配偶者が不貞した場合には、他方配偶者から不貞相手及び不貞をした配偶者に対して、慰謝料請求をすることができます。

不貞行為の被害にあってしまった場合には、被害にあった配偶者側としては動揺や、不貞相手への怒りが大きく、時に法律的な視点から見て、ふさわしくない行動に走ってしまうことがあります。

慰謝料請求、という言葉は、芸能ニュースやインターネットの記事などで目にすることが増え、身近なようにも感じられます。しかし、これも立派な法律問題であり、様々な法律のルールに縛られています。

そこで、法的な観点から、慰謝料請求の際に、どのようなことに気を付けるべきかを解説していきます。

 
 

交渉の際の注意点

 

慰謝料請求をする1つの方法として、不貞をした側と示談をするという方法があります。

示談の方法は様々ですが、たとえば相手を呼び出して面談し、慰謝料額について協議して、書面にまとめるなどの方法があります。

ここで、注意が必要なのは、示談の状況、そして内容です。

弁護士を入れずに当事者間で示談をした場合に、不貞をした側の言い分としてよくあるのが、「無理やり示談をさせられた」というものです。

法律上、脅すなどして無理やり示談させられてしまった場合には、それをなかったこと(無効あるいは取り消し)にすることができます。

一般的に、不貞をした側は、不貞をされた側に負い目があるので、あまり納得していない示談内容であってもその場を逃れるために示談してしまうことがあります。

のちに示談内容の効力について争いになったときに備えて、当事者間で問題なく合意できたことを証明できるようにしておきましょう。

そのためには、示談した場面を録音、録画するなどして保存しておくことです。

また、示談内容が法外なものであった場合にも、無理やり示談させられたのではないかという推認が働いてしまうので、注意が必要です。

また、大前提ですが、示談した内容は必ず書面化しておきましょう。

 
 

裁判の際の注意点

 

慰謝料請求の裁判においては、被告(つまり不貞をした側)から様々な反論がなされます。たとえば、肉体関係はなかったという反論や、配偶者がいるとは知らなかったなどという反論があり得るでしょう。

裁判では、交渉のような駆け引きではなく、どれだけ客観的な証拠を持っているかが勝敗を分けます。

どのような証拠が有効かは、個別具体的な事案によって異なるので、弁護士とよく相談し、訴訟戦略を練りましょう。

 
 

消滅時効に注意

 

不貞された配偶者(被害配偶者)から不貞相手に慰謝料請求をする権利は,民法上の分類でいうと,「不法行為に基づく損害賠償請求権」に該当します。

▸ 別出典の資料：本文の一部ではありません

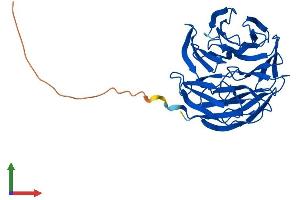 AlphaFold protein structure predicition of Human Recombinant WDR5B Protein, UniprotID Q86VZ2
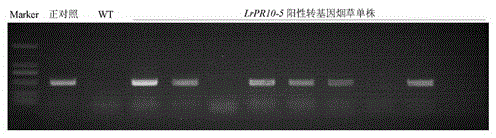 Application of a Minjiang lily disease course related protein 10 gene lrpr10-5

不法行為に基づく損害賠償請求権の消滅時効についての条文は,次のとおりです(改正後の条文による)。

 

第七百四十二条(不法行為による損害賠償請求権の消滅時効)

不法行為による損害賠償の請求権は,次に掲げる場合には,時効によって消滅する。

一 被害者又はその法定代理人が損害及び加害者を知った時から三年間行使しないとき。

二 不法行為の時から二十年間行使しないとき

 

この条文にいう「加害者を知った時」とは,加害者に対する賠償請求が事実上可能な状況のもとに,その可能な程度にこれを知った時を意味します。つまり,被害配偶者が,不貞相手の住所氏名を知らないような場合,「加害者を知った」とは言えず,三年の時効にかからない可能性があります。